Selasa, 25 Februari 2020

Terbaru, Ilmuwan Temukan Ledakan Dahsyat di Permukaan Matahari

Berdasarkan hasil penelitian, ledakan dahsyat di permukaan matahari ini juga disebut rekoneksi patah.

Agung Pratnyawan | Amelia Prisilia
cloud_download Baca offline
Ilustrasi Matahari berbentuk bola api. (Pixabay/ WikiImages)
Ilustrasi Matahari berbentuk bola api. (Pixabay/ WikiImages)

Hitekno.com - Dalam laporan terbaru, para ilmuwan baru saja menemukan ledakan dahsyat yang terjadi di permukaan matahari. Cukup mengejutkan, ilmuwan menjelaskan bahwa kejadian ini baru pertama kali diamati.

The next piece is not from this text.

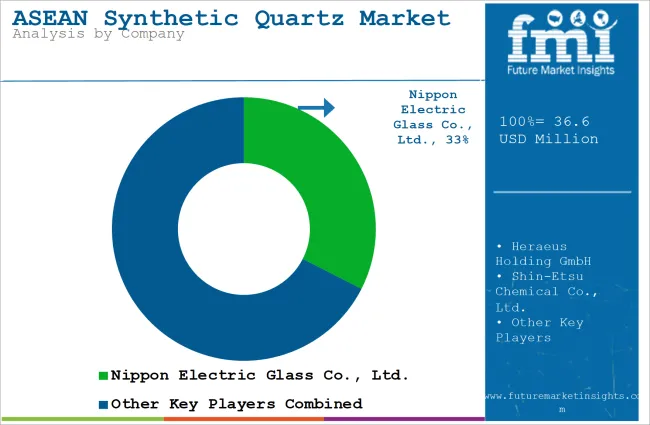 Asean Synthetic Quartz Market Analysis By Company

Mengutip Earth Sky, ledakan dahsyat di permukaan matahari ini diamati langsung oleh Solar Dynamics Observatory milik NASA. Hasil pengamatan ini lalu diterbitkan beberapa waktu yang lalu di Astrophysical Journal.

Letusan di permukaan matahari ini melemparkan materi korona matahari dalam jumlah yang cukup banyak. Fenoman ini mirip erupsi yang terjadi pada gunung api.

Lepasan korona matahari membuat sisanya jatuh ke matahari dan bertabrakan dengan garis-garis medan magnet. Terjadinya hal ini membuat terjadinya ledakan magnet yang luar biasa.

Berdasarkan hasil penelitian, ledakan dahsyat di permukaan matahari ini juga disebut rekoneksi patah yang dipicu oleh letusan yang menyebabkan plasma terdorong.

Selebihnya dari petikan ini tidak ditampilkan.